Lermontov a écrit six pièces en vers mais, excepté le Bal masqué (1835), il s'agit d'œuvres de jeunesse. Le héros de ce drame a beaucoup de traits communs avec le Démon et avec Lermontov lui-même. Arbénine se sent incompris d'une société incapable de lui offrir le salut et contre laquelle il ne peut que se révolter.

L'œuvre en prose

Le héros désenchanté, cher à Lermontov : le Petchorine du Héros de notre temps (1839-1840) apparaît d'abord dans la Princesse Lougovskaïa (1836, publié en 1882). Personnage central d'un roman composé en fait de cinq nouvelles, il est « un enfant du siècle ». Bella, Maxime Maksimytch, Taman, la Princesse Mary, le Fataliste sont rassemblés sans ordre chronologique et donnent du héros une image d'abord vue de l'extérieur (par le récit d'un vieil officier), puis de l'intérieur (par le récit de Petchorine lui-même). Roman d'aventures, étude de mœurs, le livre pourrait s'appeler « le journal d'un séducteur », qu'un premier amour douloureux a rendu froid, cruel, dominateur, incapable d'éprouver un sentiment vrai. Si l'on veut reconstituer le cadre chronologique, l'action se déroule de 1827 à 1833 et retrace l'histoire d'un jeune officier exilé au Caucase après le complot décabriste. Chacune des nouvelles revient sur un épisode de la vie du héros. Dans Maxime Maksimytch, celui-ci retrouve en Perse son ancien chef, auquel il raconte une partie de sa vie ; c'est ce dernier qui, à sa mort, rassemble les récits pour raconter l'histoire d'une âme tourmentée et perdue par la solitude où la plonge son orgueil.

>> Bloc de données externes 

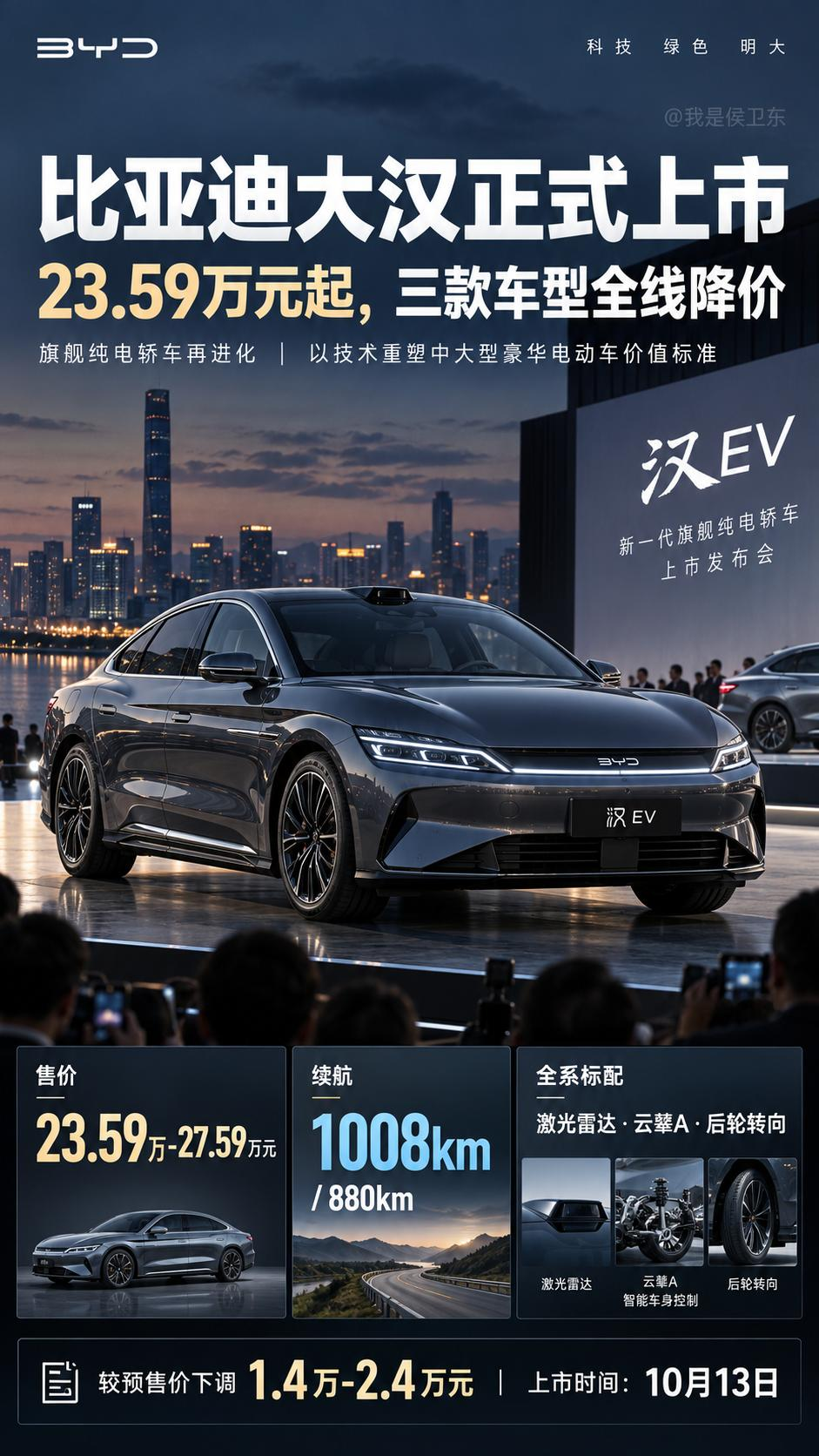 比亚迪大汉正式上市：23.59万元起，三款车型降价幅度并不一样10月13日晚，比亚迪大汉EV正式上市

   Si Lermontov est considéré à juste titre comme le poète romantique russe par excellence, Un héros de notre temps représente une étape importante dans la formation du roman russe : l'intrigue et le cadre romantiques des nouvelles passent au second plan pour faire place au souci de l'analyse psychologique, qui ne concerne pas le seul héros mais touche tous les protagonistes des récits. Pour Gogol, Tolstoï, Tchekhov, la prose de Lermontov fut un modèle de perfection stylistique.